Quick Reference
| Machine Type | GPU | VRAM | Use Case |
|--------------|-----|------|----------|
| GPU-T4 | T4 | 16GB | Dev, small models |
| GPU-A10G | A10G | 24GB | 7B-13B models |
| GPU-A100 | A100 | 40/80GB | 13B-70B models |
| GPU-H100 | H100 | 80GB | Cutting-edge |
| App Attribute | Purpose | Example |
|---------------|---------|---------|
| machine_type | GPU selection | "GPU-A100" |
| requirements | Dependencies | ["torch", "transformers"] |
| keep_alive | Warm duration | 300 (5 min) |
| min_concurrency | Min instances | 0 (scale to zero) |
| max_concurrency | Max parallel | 4 |
| Command | Purpose |
|---------|---------|
| fal deploy app.py::MyApp | Deploy to fal |
| fal run app.py::MyApp | Run locally |
| fal logs <app-id> | View logs |
| fal secrets set KEY=value | Set secrets |
When to Use This Skill
Use for custom model deployment:
- Deploying custom ML models on fal infrastructure
- Configuring GPU instances and scaling
- Setting up persistent storage for model weights
- Creating multi-endpoint apps
- Managing secrets and environment variables
Related skills:
- For API integration: see
fal-api-reference - For optimization: see
fal-optimization - For using hosted models: see
fal-model-guide
fal.ai Serverless Deployment Guide
Complete guide to deploying custom ML models on fal.ai's serverless infrastructure.
Overview
fal serverless provides:
- Automatic scaling from zero to thousands of instances
- GPU support (T4, A10G, A100, H100, H200, B200)
- Persistent storage for model weights
- Secrets management
- Real-time logs and monitoring
- Pay-per-use pricing
Installation
pip install fal
Authentication
# Login to fal
fal auth login
# Or set API key
export FAL_KEY="your-api-key"
Basic App Structure
import fal
from pydantic import BaseModel
class RequestModel(BaseModel):
"""Input schema for your endpoint"""
prompt: str
max_tokens: int = 100
class ResponseModel(BaseModel):
"""Output schema for your endpoint"""
text: str
tokens: int
class MyApp(fal.App):
# Machine configuration
machine_type = "GPU-A100"
num_gpus = 1
# Dependencies
requirements = [
"torch>=2.0.0",
"transformers>=4.35.0",
"accelerate"
]
# Scaling configuration
keep_alive = 300 # Keep instance warm (seconds)
min_concurrency = 0 # Scale to zero when idle
max_concurrency = 4 # Max concurrent requests
def setup(self):
"""
Called once when container starts.
Load models and heavy resources here.
"""
import torch
from transformers import AutoModelForCausalLM, AutoTokenizer
self.device = "cuda" if torch.cuda.is_available() else "cpu"

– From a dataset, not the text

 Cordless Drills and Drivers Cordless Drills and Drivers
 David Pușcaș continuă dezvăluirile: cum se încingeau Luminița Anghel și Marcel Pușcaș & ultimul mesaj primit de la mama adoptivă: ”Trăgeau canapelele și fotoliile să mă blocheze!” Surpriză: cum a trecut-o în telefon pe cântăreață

self.tokenizer = AutoTokenizer.from_pretrained("model-name")
self.model = AutoModelForCausalLM.from_pretrained(
"model-name",
torch_dtype=torch.float16
).to(self.device)
@fal.endpoint("/predict")
def predict(self, request: RequestModel) -> ResponseModel:
"""
Main inference endpoint.
Called for each request.
"""
inputs = self.tokenizer(request.prompt, return_tensors="pt")
inputs = inputs.to(self.device)
outputs = self.model.generate(
**inputs,
max_new_tokens=request.max_tokens
)
text = self.tokenizer.decode(outputs[0], skip_special_tokens=True)
return ResponseModel(text=text, tokens=len(outputs[0]))
@fal.endpoint("/health")
def health(self):
"""Health check endpoint"""
return {"status": "healthy", "device": self.device}
def teardown(self):
"""Called when container shuts down (optional)"""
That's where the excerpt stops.